Statoil Growth Plan in North America Doesn’t Include Arctic Oil

Statoil ASA, one of a handful of energy producers planning to drill in U.S. arctic waters off the coast of Alaska, doesn’t expect to produce crude in the region before 2020, the company’s head of North American operations said.

State-controlled Statoil isn’t counting on output from the Alaskan arctic to meet its goal of producing the equivalent of 500,000 barrels a day of oil in North America by 2020, Bill Maloney, executive vice president of Statoil’s North American exploration and production business, said today in an interview taped for Bloomberg Television’s “Street Smart.”

“We put a pause on Alaska,” Maloney said in the interview at the IHS CeraWeek energy conference in Houston today. “We don’t count on any arctic production in the prognosis of production.”

Royal Dutch Shell Plc. abandoned plans to drill in the region this year after one of the company’s two rigs ran aground and it failed to get a U.S. permit in time for drilling season. Statoil plans to await further results from Shell and may postpone drilling until 2015, the company has said.

“I think we all agree it’s wise to learn from each other,” Tim Dodson, Stavanger, Norway-based Statoil’s executive vice president of exploration, said in an interview yesterday. “It’s better to let time work for you rather than against you.”

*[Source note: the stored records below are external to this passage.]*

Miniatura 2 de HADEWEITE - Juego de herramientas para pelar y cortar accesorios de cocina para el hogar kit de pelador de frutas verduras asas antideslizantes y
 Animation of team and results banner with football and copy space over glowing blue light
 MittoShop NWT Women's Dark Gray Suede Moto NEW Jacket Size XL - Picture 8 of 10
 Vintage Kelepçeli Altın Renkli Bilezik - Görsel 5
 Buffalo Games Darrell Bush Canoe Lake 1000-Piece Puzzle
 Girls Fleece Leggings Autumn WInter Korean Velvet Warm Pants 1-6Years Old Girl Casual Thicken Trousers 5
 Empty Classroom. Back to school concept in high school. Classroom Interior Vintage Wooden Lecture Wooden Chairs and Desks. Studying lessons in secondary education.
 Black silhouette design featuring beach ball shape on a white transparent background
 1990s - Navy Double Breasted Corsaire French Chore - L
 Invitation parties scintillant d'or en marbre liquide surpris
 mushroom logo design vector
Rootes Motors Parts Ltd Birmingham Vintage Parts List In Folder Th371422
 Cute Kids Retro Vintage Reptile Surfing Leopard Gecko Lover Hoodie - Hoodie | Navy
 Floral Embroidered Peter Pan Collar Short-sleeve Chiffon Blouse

Statoil has developed positive relationships with U.S. regulators as it plans to more than double its North American production by 2020, Maloney said in the Bloomberg Television interview. The company is producing an average of the equivalent of 195,000 barrels a day of oil and natural gas in the Gulf of Mexico and owns interests in onshore areas from North Dakota to Pennsylvania, Maloney said.